Few would argue against the statement that says Seattle has the best defense in the NFL. In the regular season, the Seahawks gave up the fewest yards, had the No. 1 passing defense and No. 3 rush defense. As such, the defending Super Bowl champions really don’t have a weakness on that side of the ball. But if you had to choose a way to attack it, New England appears – on paper at least – to be better suited to try and run on them rather than force Tom Brady to throw 40-plus passes against their superb secondary.
This is assuming that All-Pro safety Earl Thomas (shoulder) and All-Pro cornerback Richard Sherman (elbow) both play and are relatively effective after each player was injured in the NFC Championship win over Green Bay. The health of Thomas and Sherman is very important to the Patriots in terms of game-planning, then again it’s hard to predict what Pats offensive coordinator Josh McDaniels will cook up for Super Bowl XLIX on Sunday (6:30, NBC) in Glendale, Arizona.
When you look at the breakdown of statistics, New England’s previous two games this postseason couldn’t be more different. Against Baltimore, the Patriots fell behind early and had to abandon the run pretty quickly as it proved completely ineffective (14 total rushing yards) against the Ravens’ top-notch run defense. Indianapolis, on the other hand, was simply overmatched. The Patriots lined up and pounded down Indy’s throat. LeGarrette Blount dominated the Colts last year in the playoffs and he did the same thing in the AFC title game with 148 rushing yards and three touchdowns.
Blount figures to get plenty of work on Super Bowl Sunday, although this could also be a Shane Vereen (80 yards receiving this postseason) game if the Pats feel like his speed on the edge and his ability to catch passes out of the backfield will be a mismatch. It sounds simple, but to win the game New England will need a strong performance by its running backs and offensive line. If the Pats get too predictable and Brady (and his receivers) need to do everything on offense, then they probably won’t have much success against the Seahawks’ secondary – which is second to none.

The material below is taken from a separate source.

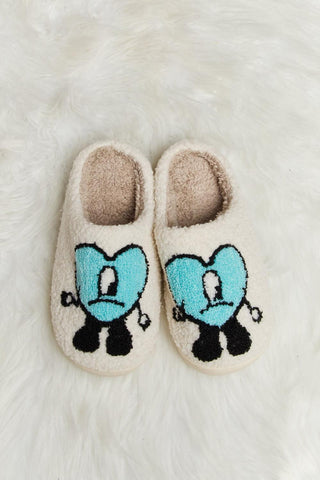 Melody Love Heart Print Plush Slippers - Closet of Ren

Talking about Seattle’s large secondary, Patriots wide receiver Julian Edelman noted that “they are a little different because they’re all big. They are strong and ferocious players. They play in their scheme. They’re well-coached. They play hard.”
Seattle’s defensive line and linebackers are on the smaller side as the idea is that their speed will make up for their lack of bulk. This means that with a good running back, you can successfully run on them in spurts. Packers running back Eddie Lacy had 73 yards rushing in the title game while Carolina’s Jonathan Stewart had 70 yards gained in the divisional round. If Blount and Vereen can find some daylight, that should also help Brady and the passing game get going. It’s all about balance when you play Seattle. If you get stuck doing one thing then you are done.